But this spring there was one player who was content simply to be running around the turf in Albany's Pepsi Arena. Jermaine Ewell couldn't stop smiling as he worked through the tip drills and the thug drills, absorbing and dispensing hits. Making it to the NFL had once been his obsession. But that was a long time ago. His dreadlocks poking out from a helmet that obscured the zippers of surgical scars on his head, the 6'1", 230-pound Ewell was simply experiencing football again: the sounds, the rhythms, the lulls followed by spasms of violence. That was plenty.
Ewell wouldn't survive the Conquest's final cuts, but that almost didn't matter. He was back on the field. At 31 he was nearly a decade older than some of his teammates, but he didn't look it. He hadn't played more than a few weeks of football since 1990, but he concealed that pretty well too. On the day he handed in his playbook, he picked up his bag and thanked the coaches for the audition. He was gone before most of the other players got wind of his how-I-ended-up-here story--the most arresting tale of them all.
They called him the Streak. Playing linebacker and fullback for the Lawrence ( N.Y.) High Golden Tornadoes, Jermaine Ewell was a brutal tackler with a rippling upper body and a sixth sense for where a play was headed. But his biggest asset was his speed. Timed in the 40-yard dash at 4.4 seconds, he was the fastest kid on the field, a DSL modem in a dial-up league. "You'd think there was no way Jermaine could make the play," says Richard Mollo, his coach then, "but he was so quick, it was like--bam!--and the other guy would be on the ground with Jermaine on top of him."
In the fall of 1990, Jermaine's junior season, he led the team in solo tackles.

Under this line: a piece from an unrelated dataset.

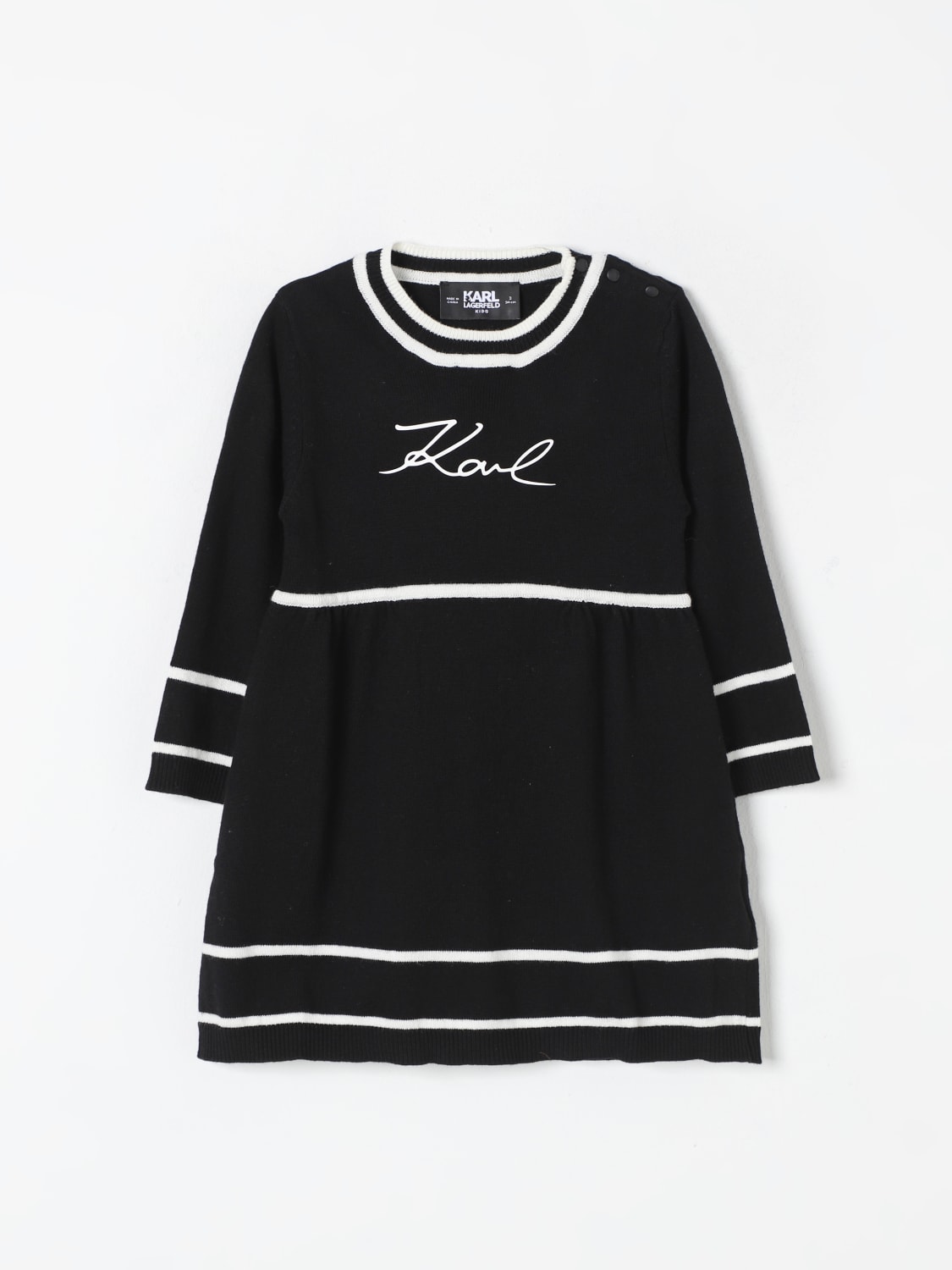 人気 karl lagerfeld kids ロンパース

Before he was named to various all-conference and all-county teams, scouts and coaches from college programs on the order of Virginia Tech sat in the Lawrence bleachers to get a look at him. A solid senior season and Jermaine would be a lock to get a full ride in Division I-A. "He got better with every game," says Pat Palleschi, a co-captain that season who later played at Hofstra. "There was no doubt he was going to play at the next level."
Jermaine was a minor celebrity throughout the Five Towns--a string of communities on the South Shore of Long Island that include Lawrence--but it was as much for his winning personality as for what he did on the football field. He may have been an African-American kid in a predominantly white and Jewish enclave, the son of a domestic in one of the most affluent zip codes in the U.S., but he moved easily in all social circles. Despite a learning disability that kept his grades in the B and C range, Jermaine was beloved by his teachers. The odd jobs he did (mowing yards, painting houses, restoring deck chairs) put him in touch with the community's adult movers and shakers. "He was the coolest kid you could imagine," says Mollo, a father figure to Jermaine, whose dad had died a few years before. "Guys, girls, older, younger, black, white, jock, not a jock--everyone wanted to be his friend."
Syd Mandelbaum, a former Lawrence school board member who runs a hunger relief organization, offers perhaps the highest praise in the Five Towns' lexicon: He says Jermaine was "a real mensch." So it was no surprise that when trouble found Jermaine, a crowd rushed to his defense.
On June 1, 1991, the last Saturday night of his junior year, Jermaine, then 17, went to a "key party"--at which underage drinkers could suckle on a keg provided they surrendered their car keys to the host--and met up with a girl named Nikki Diamond. This didn't go over well with one of Nikki's old flames, Shannon Siegel. A husky former baseball star at Lawrence who was the starting third baseman at Adelphi College, Siegel was at the party with his pickup basketball buddy James (Jimbo) Peralta and three of Jimbo's pals from the Bayside section of Queens: Ian Pearl, David Donahue and Gregory Kussoff. Nikki would later claim that, out of Jermaine's earshot, Siegel asked her what she was doing with "nigger money." (Jermaine had given Nikki $5 to pay the party's admission and beer charge.) Siegel vigorously denies having used the n word but concedes that he and his pals had been drinking and were giving Nikki a hard time.
Regardless, when Nikki told Jermaine what Siegel had said, Jermaine was offended. But more than that, he was confused. They had mutual friends, and they'd never had a problem. Two months earlier they had been part of a small group that had driven to Manhattan to visit a club. Now, as Jermaine confronted Siegel, an army of classmates backed him up. No one raised a fist--certainly not Jermaine, who didn't even curse, much less fight. But it was made clear that Siegel and his four friends were no longer welcome at the party. "It wasn't like some sort of big feud," Jermaine recalls. "They were drinking. They said things they shouldn't have said. They left. I thought it was cool."